As we can see, there are no duplicates and NULL values on the dataset.

In [5]:
property.limit(5)

Year,Year ending,Police Region,Local Government Area,Postcode,Suburb,Location Division,Property Item,Number of Items,Value of Items ($)
2024,March,1 North West Metro,Banyule,3079,Ivanhoe,1 Residential,Car Accessories,14,2040.0
2024,March,1 North West Metro,Banyule,3079,Ivanhoe,1 Residential,Cash/Document,42,51750.0
2024,March,1 North West Metro,Banyule,3079,Ivanhoe,1 Residential,Clothing,9,2140.0
2024,March,1 North West Metro,Banyule,3079,Ivanhoe,1 Residential,Electrical Applia...,24,13310.0
2024,March,1 North West Metro,Banyule,3079,Ivanhoe,1 Residential,Food,1,200.0


In [6]:
from pyspark.sql import functions as F

# Create a filter condition to check if any column contains 'VICTORIA' or None
condition = F.lit(False)
for col in property.columns:
    condition = condition | F.lower(F.col(col)).isin(F.lower(F.lit('Victoria')), None)

# Apply the condition to filter the DataFrame
victoria_none_check = property.filter(condition)

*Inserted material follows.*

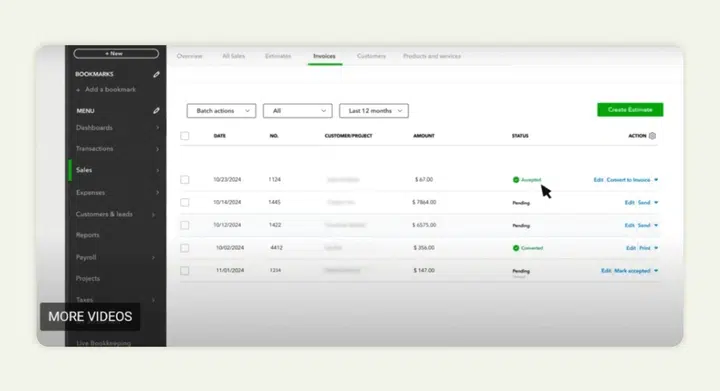 Convert estimate into invoice in QuickBooks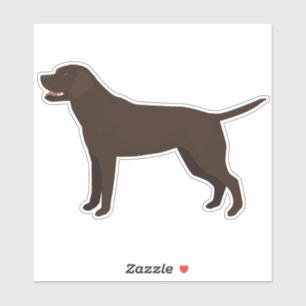 Sticker Chocolat Labrador Retriever Chien race Silhouette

victoria_none_check.show(1)

+----+-----------+-------------+---------------------+--------+--------+-----------------+---------------+---------------+------------------+
|Year|Year ending|Police Region|Local Government Area|Postcode|  Suburb|Location Division|  Property Item|Number of Items|Value of Items ($)|
+----+-----------+-------------+---------------------+--------+--------+-----------------+---------------+---------------+------------------+
|2024|      March|     Victoria|             Victoria|Victoria|Victoria|    1 Residential|Car Accessories|           6636|        1659629.97|
+----+-----------+-------------+---------------------+--------+--------+-----------------+---------------+---------------+------------------+
only showing top 1 row



In [7]:
# Apply the condition to filter the DataFrame and count the results
victoria_none_count = property.filter(condition).count()

# Show the count of rows that match the condition
print(f"Number of rows containing 'Victoria' or None: {victoria_none_count}")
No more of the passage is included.